What Are Tick Charts?
Tick charts, unlike the conventional charts, draw a bar after a predefined number of trades. They are solely based on trading activities. These type of charts are popular among the busiest traders, and can provide detailed information about the trading activity in the markets.
Calibrating Tick Charts
By utilizing the SMA, which acts as a resistance/support line, traders use tick charts that draws a bar after every 1-2 minutes on average. A trader may need to experiment a bit in order to get an appropriate tick count. Standard trading session goes on for 390 minutes. A trader should develop a tick chart that can produce around 250-350 bars every session. Trying and adjusting the tick count and size is important.
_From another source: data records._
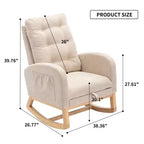 Akzentschaukelstuhl mit Fußstütze, moderner Hochlehner-Loungesessel mit Schaukelbeinen aus Holz, Freizeit-Schaukelsessel für Zuhause, Wohnzimmer, Schlafzimmer, Büro
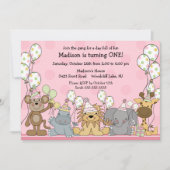 おもしろいの女の子のサファリ動物の誕生日 招待状 (正面)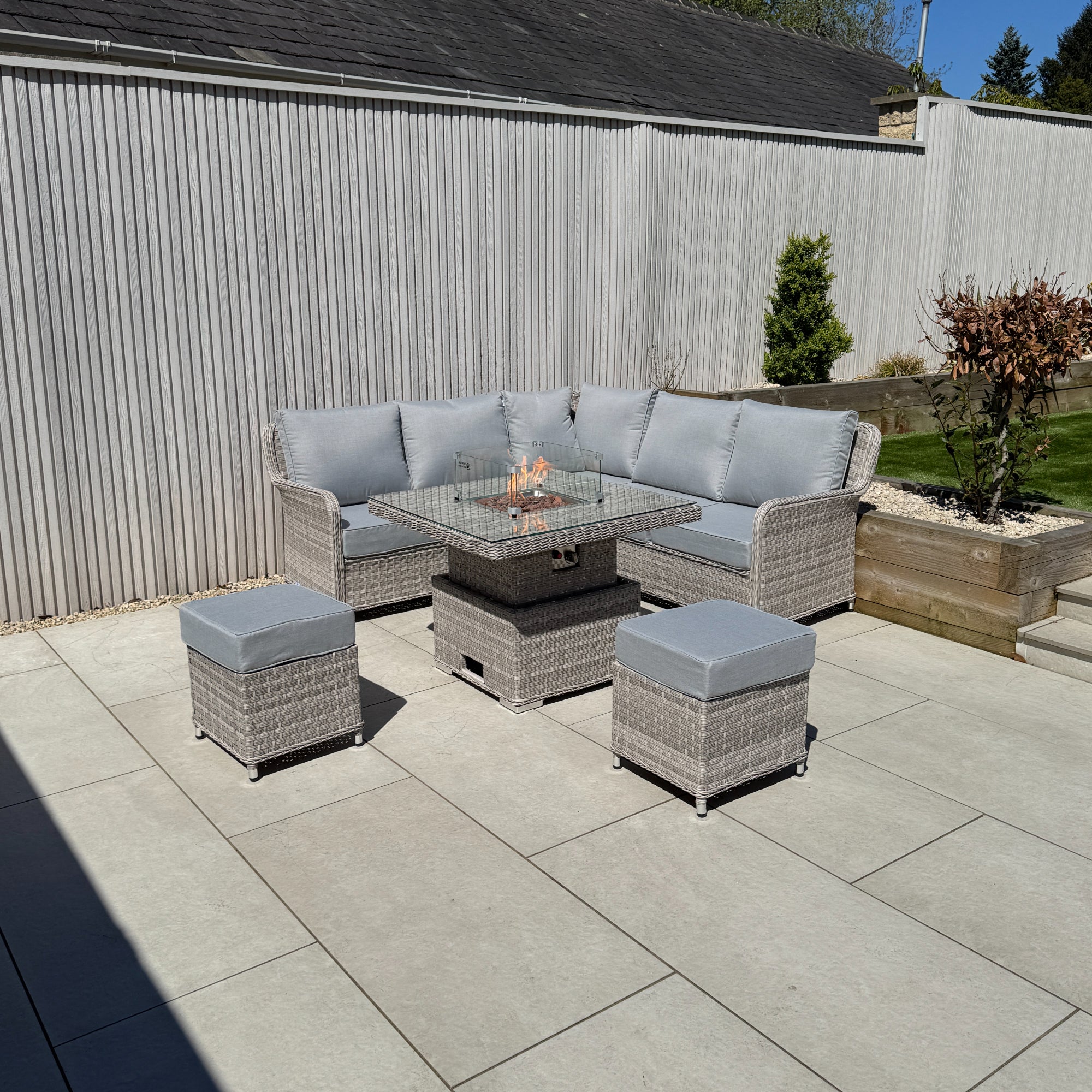 Palermo Square Dining Set with Rising Firepit Table - AMC Furniture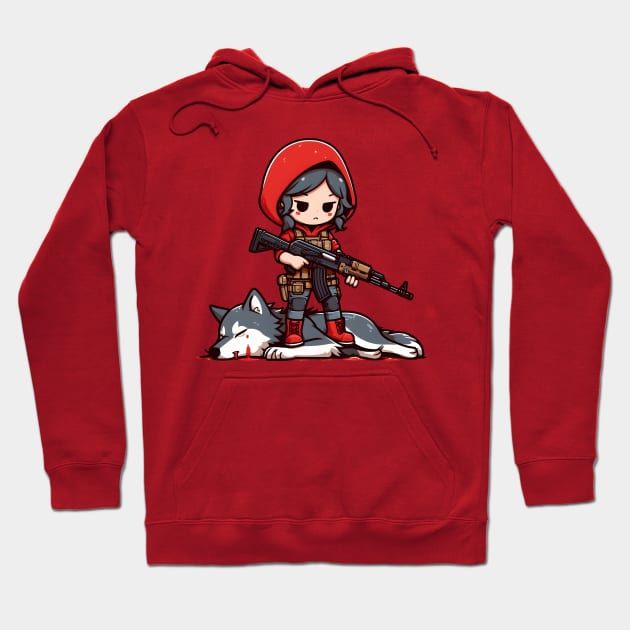 Tactical Little Red Riding Hood Adventure Tee: Where Fairytales Meet Bold Style Hoodie by Rawlifegraphic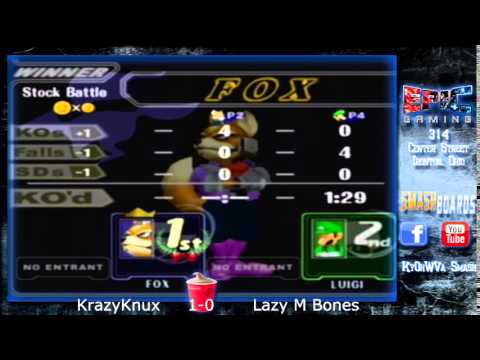 [FFTF1] KrazyKnux(Fox) vs Lazy M Bones(Luigi) - Melee Singles Bracket Round 1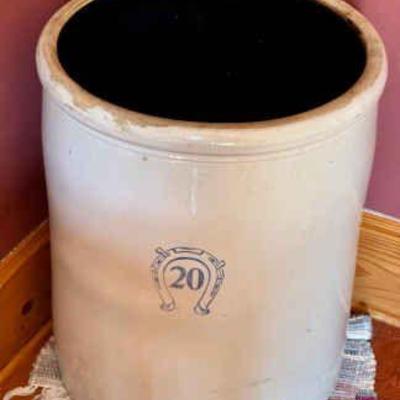 MASSIVE 20 Gallon Antique Stoneware Crock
That is, as the numbers of bars vary everyday depending on activity and volume of transactions.
Find Out a Combined Support/Resistance Line
Here is how to get support/resistance effect. When using tick charts with 250-300 bars you need to be capable of applying a 12-period moving average on the chart. You can use the same 12-period SMA support/resistance line on different charts. That, after creating the base tick chart. If you double the number of bars on a tick chart, you should also increase the number of bars used in the SMA. You do it while using the same ratio in order to get identical support and resistance effect.
Using This Tick Chart Setup for Forex Trading
With the help of tick charts, traders can find out whether their instruments are currently trending or not. If a tick chart implies that a particular instrument is trending, then it’s supposed to be the best assumption until proven otherwise. Similarly, if the instrument is operating as if it is not trending, then that should be assumed to be true until proven otherwise. During a trend, the 12-period SMA acts as a support/resistance line on the base tick chart. Thus, in such cases, prices of currencies will bounce off the 12-period SMA line instead of slicing through it.